# Speedport W700V als Brücke oder Repeater nutzen



## TheNeon26 (30. Oktober 2011)

*Speedport W700V als Brücke oder Repeater nutzen*

Hallo Leute ich würde gerne meinen W700V hinter meinen W921V schalten um ihn als Brücke zu benutzen und
mit dem W700V W-Lan auszustrahlen.
Aber wie soll ich dass machen 

Weitere Fragen bitte einfach schreiben.


----------



## TheNeon26 (30. Oktober 2011)

*AW: Speedport W700V als Brücke oder Repeater nutzen*

Sorry hab ausversehen 700 geschrieben


----------



## Heretic (1. November 2011)

*AW: Speedport W700V als Brücke oder Repeater nutzen*

Da sich hier keiner meldet , versuche ich mich mal dran , dir eine Lösung anzubieten.

Ich kenne mich nicht so gut mit den Telekom dingern aus daher müsstest du uns einmal sagen ob folgendes geht:

Normal sind Router so eingestellt , das sie mittels eingegebenen Daten sich selbst ins Internet einwählen. 
(Gegenteil wäre die Einstellung als Modem [Gateway] das sich jedes Endbenutzer Gerät an dem Router selbsteinwählen müsste)

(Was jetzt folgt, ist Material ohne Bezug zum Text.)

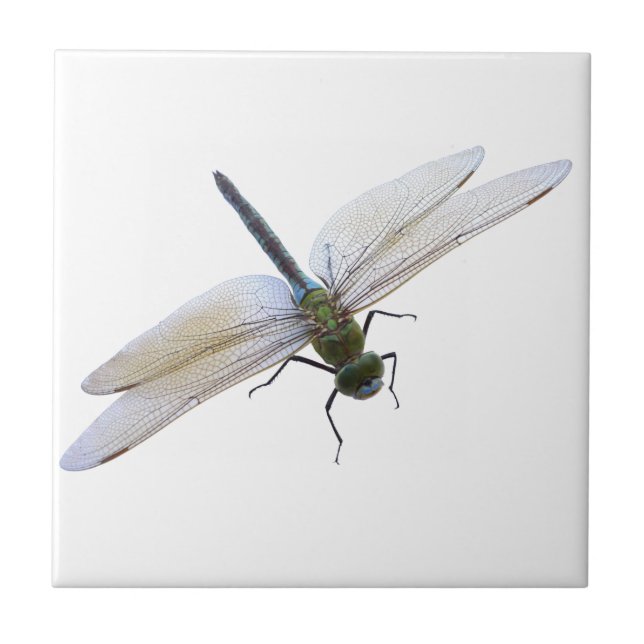 Dragonfly Ceramic Tile (Front)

Daher müsstest du versuchen den WLAN Router so umzustellen , das er sich nicht einwählt sondern nur das Internet weiterleitet.

Wenn das nicht geht. Müsstest du den Umgekehrten weg gehen. Und bei deinem Normalen Aktuellen Router versuchen von Einwahl auf "Modem umzustellen".
Dann leitet der Router nur das Inet weiter und jeder der an diesem Router angeschlossen ist muss sich selbstständig einwählen. Was ja dann der WLAN Router schaffen sollte. Und das Inet ausstrahlen kann wie du das möchtest.

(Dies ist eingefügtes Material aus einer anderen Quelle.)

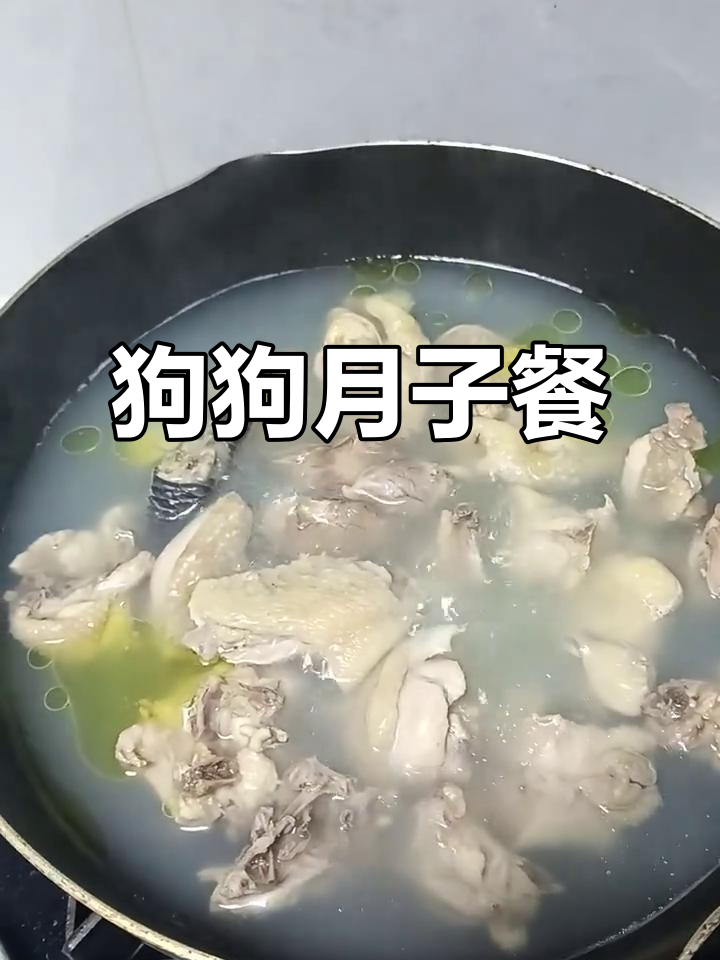 狗妈妈坐月子,鸡肉炖汤补充营养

Sind beide wege mit der Telekom version dieser Router nicht möglich , gibt es keine Möglichkeit dein Vorhaben zu realisieren. Dann wärst du gezwungen dir einen Router zu kaufen der nicht Firmen gebunden ist . Diese können eigendlich so gut wie alle an einem LAN netzwerk angeschlossen werden und das Internet ohne einwahl weiterleiten.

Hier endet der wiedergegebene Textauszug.